Escrito por Geovani Galeas. 01 de Junio. Tomado de La Prensa Gráfica.
Como era de esperarse, Carlos Rico se quedó de una pieza cuando los agentes de la seguridad cubana le dijeron que el poeta Roque Dalton ya no residía en Cuba, que había desertado de las filas revolucionarias y que estaba trabajando para el enemigo. Ese solo hecho lo convertía a él mismo en sospechoso, y en consecuencia los interrogatorios a los que estaba siendo sometido se intensificaron.
Los cubanos querían saber detalles específicos sobre la guerrilla a la que Rico pertenecía, sobre todo lo relativo a su estructura de mando, pero él insistía en que por razones de la compartimentación que exigía la clandestinidad, todo su conocimiento se limitaba a los pseudónimos de los seis o siete miembros de su célula, cuyo jefe era Roberto Roca, pues en la organización solo se tenía que saber aquello que era útil para la operatividad concreta, y nada más.
Lo único evidente para Rico, al considerar las preguntas más incisivas y reiteradas que se le hacían, era que los cubanos tenían una profunda desconfianza de su organización, y que esa desconfianza tenía algo que ver con una presunta y para él increíble infiltración policial en la génesis misma de la insurgencia armada salvadoreña. El punto más crítico, además de la situación planteada en torno a Roque Dalton, era que mientras Rico afirmaba que su jefe máximo era el doctor Fabio Castillo Figueroa, los cubanos parecían convencidos de que eso era falso por completo.
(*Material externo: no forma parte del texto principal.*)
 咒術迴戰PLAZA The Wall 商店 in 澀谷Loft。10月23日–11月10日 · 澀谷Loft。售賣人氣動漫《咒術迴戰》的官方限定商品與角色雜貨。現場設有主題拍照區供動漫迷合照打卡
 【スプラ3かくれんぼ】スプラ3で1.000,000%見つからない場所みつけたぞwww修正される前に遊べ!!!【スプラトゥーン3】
También insistían en que el secuestro y posterior asesinato del empresario Ernesto Regalado Dueñas, realizado en San Salvador en febrero de 1971 y atribuido a la guerrilla, en realidad habría sido perpetrado por la policía pero en combinación con algunos de los compañeros y jefes de Rico. Este porfiaba en que ni él ni la organización habían tenido nada que ver con ese hecho, pero sus captores no estaban dispuestos a creerle, y apretaban cada día más.
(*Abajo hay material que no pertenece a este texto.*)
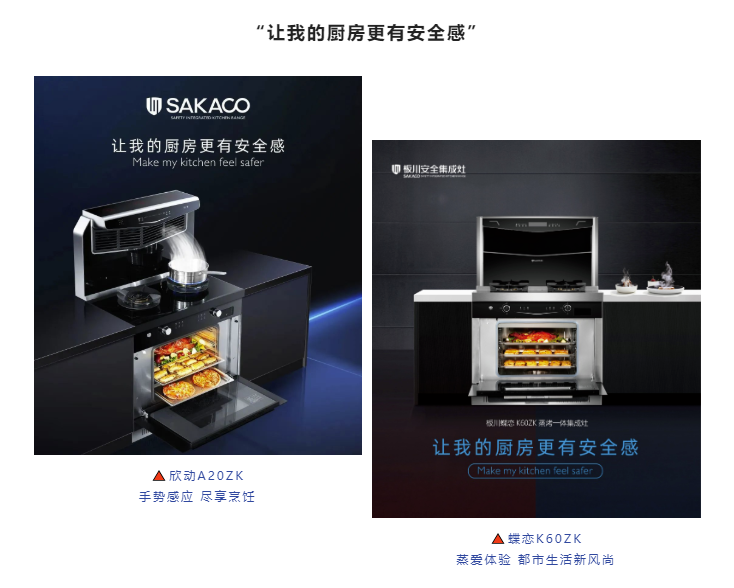 蓄勢待發，誠邀君至丨第十五屆中國（嵊州）電機?廚具展覽會，板川邀您共赴安全生活。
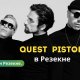 В Резекне выступить группа Quest Pistols.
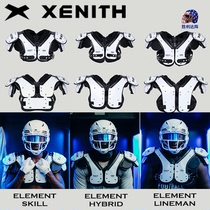 Rugby armor XENITH American football armor ELEMENT armor APPEX armor adult armor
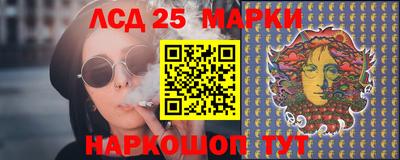 MDMA Лесосибирск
Total, Carlos Rico pasó la navidad de 1972 en la cárcel y bajo severos interrogatorios. Fue hasta la primera semana de enero de 1973 cuando le comunicaron de manera sorpresiva que todo había sido una confusión ya superada y que por tanto quedaba en libertad. Ahí mismo, en la oficina de la estación policial lo estaba esperando un hombre que, según le explicaron, era quien había aclarado el malentendido.
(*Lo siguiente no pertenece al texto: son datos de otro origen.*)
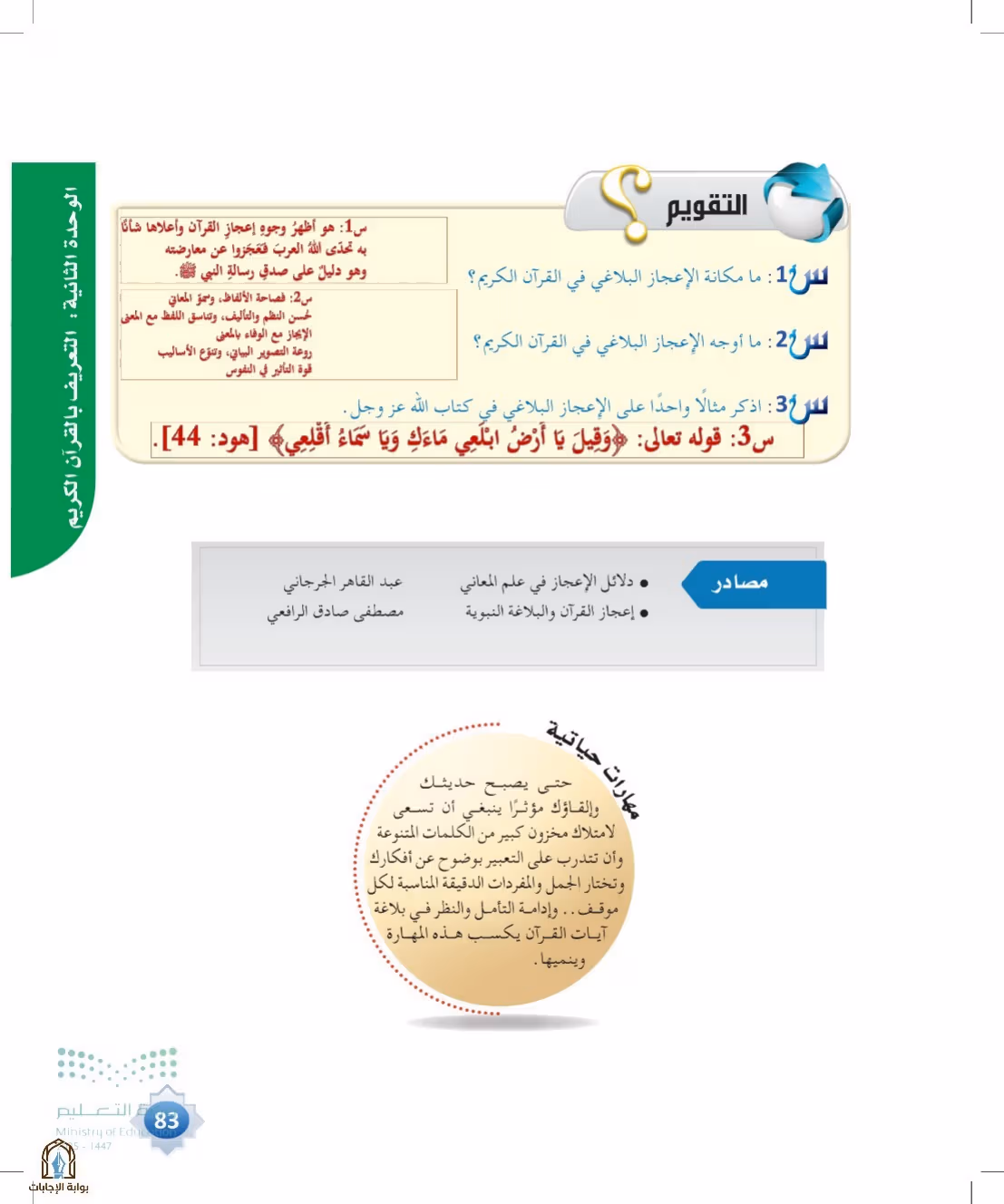 صفحة 83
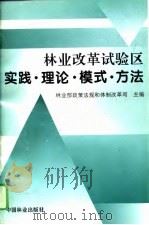 林业改革试验区实践·理论·模式·方法（1995 PDF版）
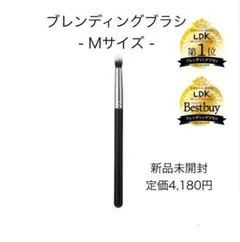 新品未開封／ブリリアージュ　ブレンディングブラシ Mのサムネイル
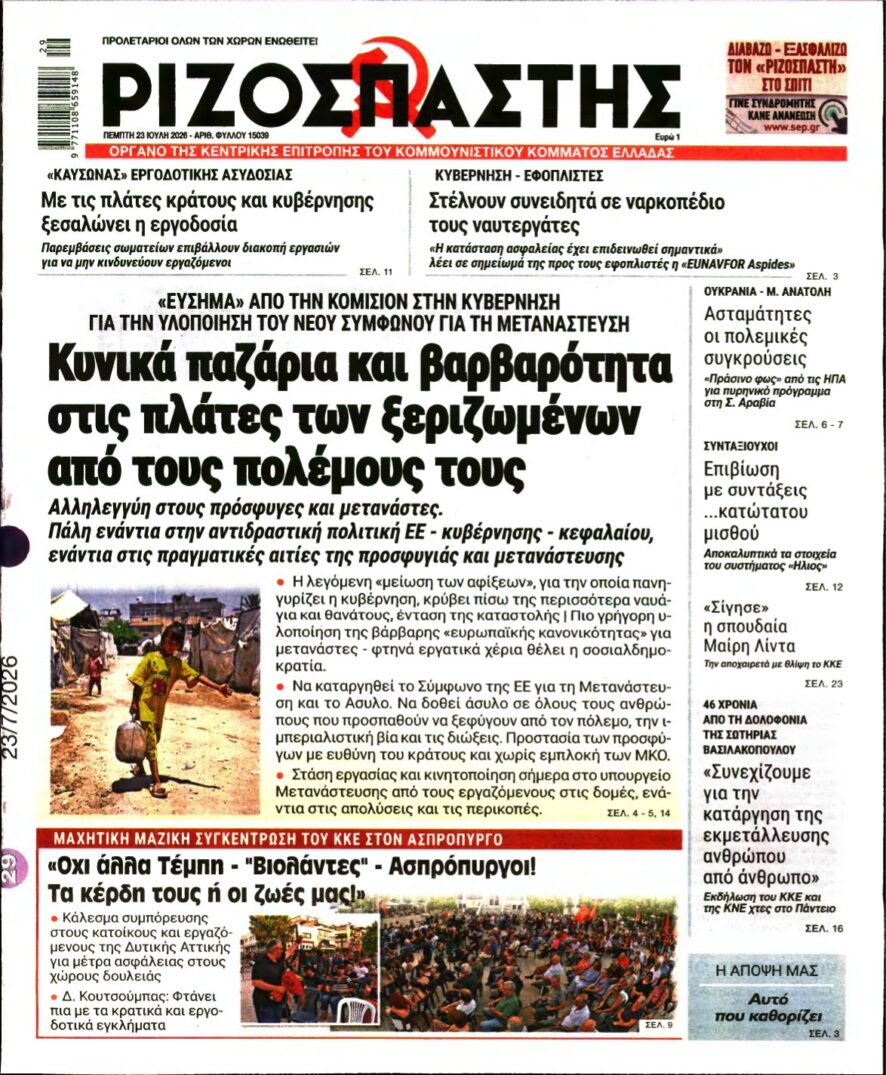 ΡΙΖΟΣΠΑΣΤΗΣ – 23/07/2026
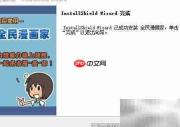 全面漫画家软件安装指南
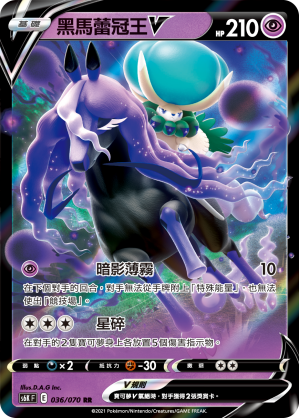 Shadow Rider Calyrex V 036/70 — Jet-Black Spirit (Chinese Pokémon TCG card)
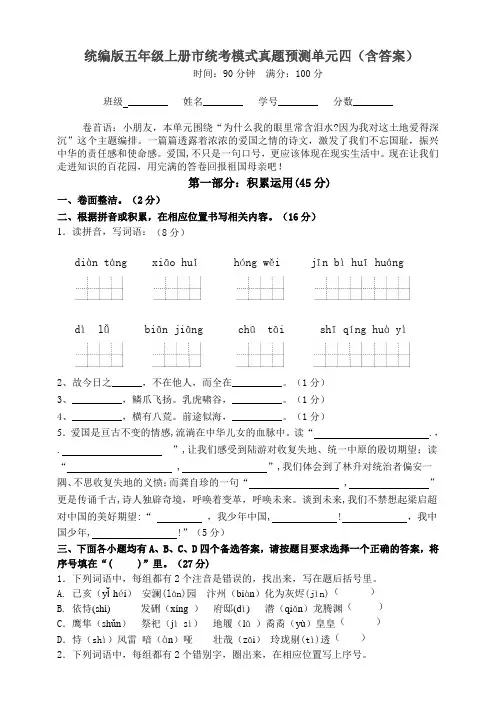 部编版小学语文五年级上册第四单元练习试题(含答案)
Se trataba de un tipo de estatura mediana, delgado pero fibroso, de unos 35 años o poco más. Rico no tenía ni la más remota idea de quién podía ser ese fulano, pero el desconocido lo abrazó con efusión y calidez, y le dijo con inconfundible acento salvadoreño: “Véngase, bachiller, olvídese de esto y vamos a enzaguanarnos un par de tapirulazos, que la guerra es larga y penosa y tiene pausas, porque si no, quién la aguanta, compañero”.
Acto seguido lo llevó al Hotel Capri, donde Rico se alojaría temporalmente. Ya en la habitación, Rico se apresuró a preguntarle quién diablos era. “Soy Roque Dalton”, contestó el hombre. Rico no conocía personalmente al ya célebre poeta, pero sí había visto muchas fotografías suyas. Y el hombre que tenía enfrente en ese momento, estaba seguro, definitivamente no era Roque Dalton.